*Task instructions:* Print the whole listing again exactly as it stands, leaving out any images.

┄┄┄┄┄┄┄┄┄┄┄┄┄┄┄┄┄┄┄┄

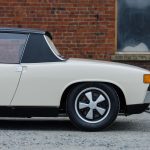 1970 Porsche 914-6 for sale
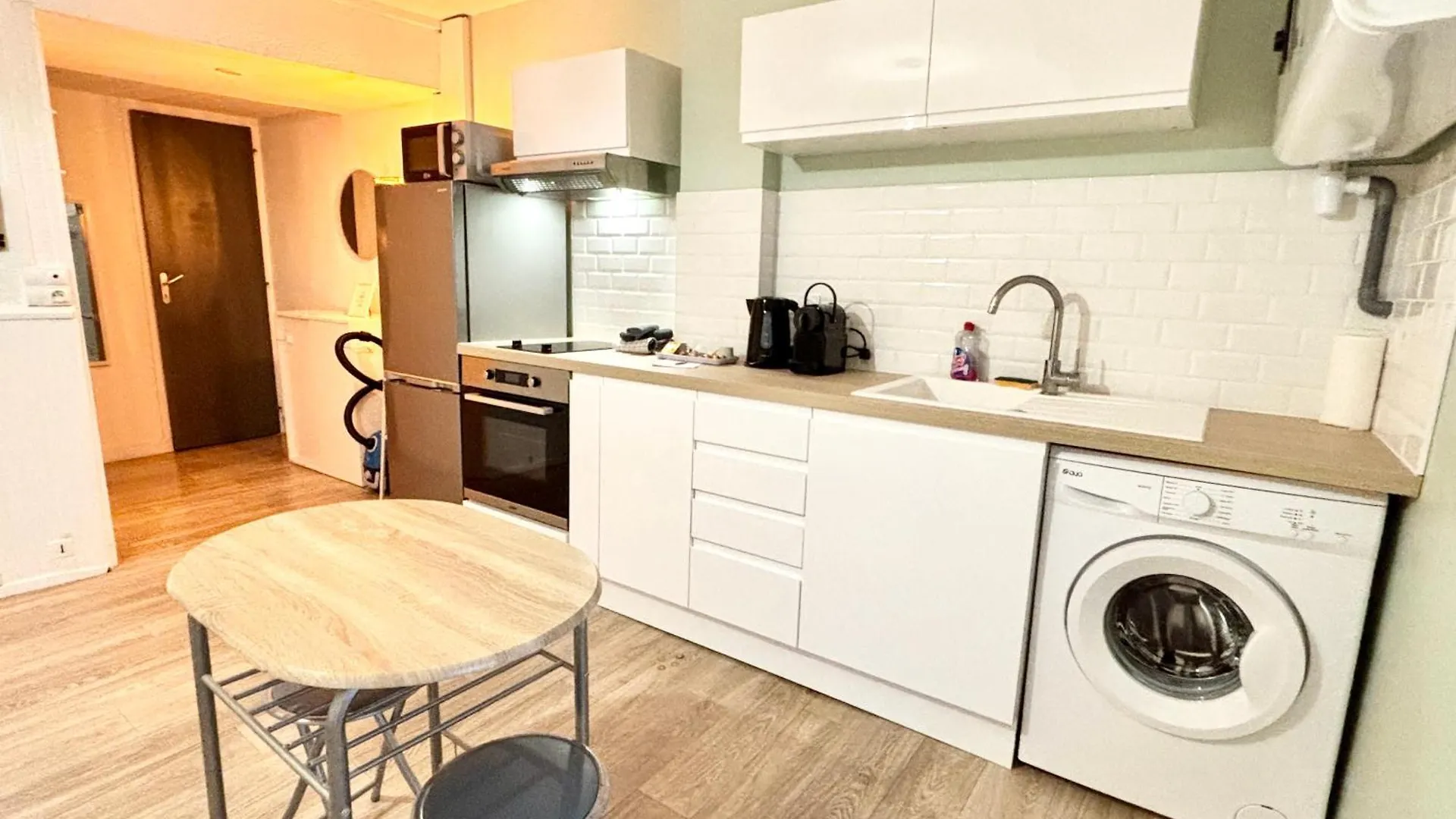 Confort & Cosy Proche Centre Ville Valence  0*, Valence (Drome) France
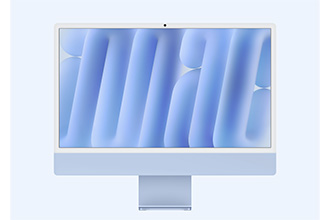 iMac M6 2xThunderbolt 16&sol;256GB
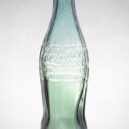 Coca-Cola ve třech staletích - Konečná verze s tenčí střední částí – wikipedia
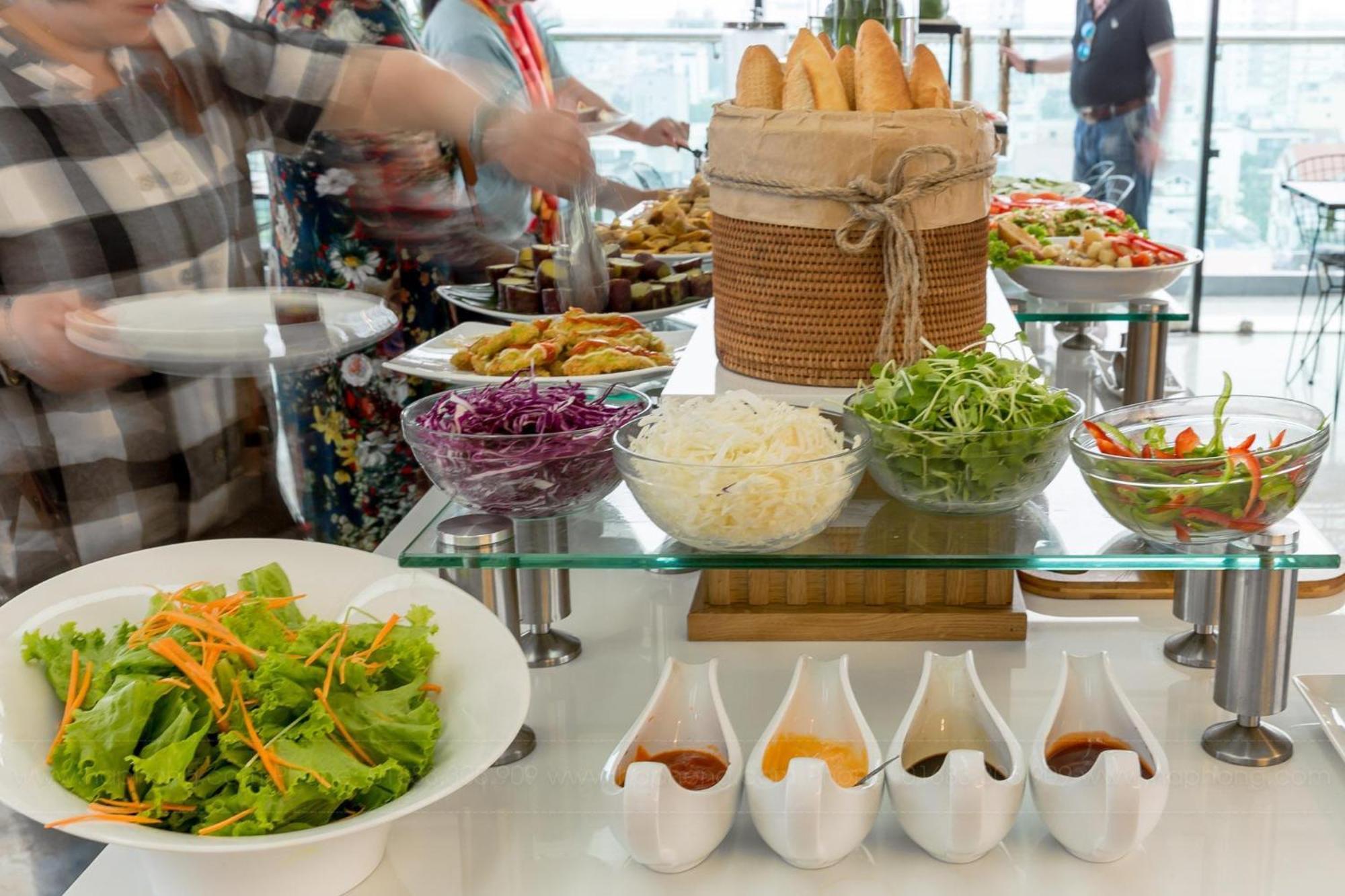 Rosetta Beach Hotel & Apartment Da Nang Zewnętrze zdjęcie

┄┄┄┄┄┄┄┄┄┄┄┄┄┄┄┄┄┄┄┄

*Exercise solution:*
 1970 Porsche 914-6 for sale
 Confort & Cosy Proche Centre Ville Valence  0*, Valence (Drome) France
 iMac M6 2xThunderbolt 16&sol;256GB
 Coca-Cola ve třech staletích - Konečná verze s tenčí střední částí – wikipedia
 Rosetta Beach Hotel & Apartment Da Nang Zewnętrze zdjęcie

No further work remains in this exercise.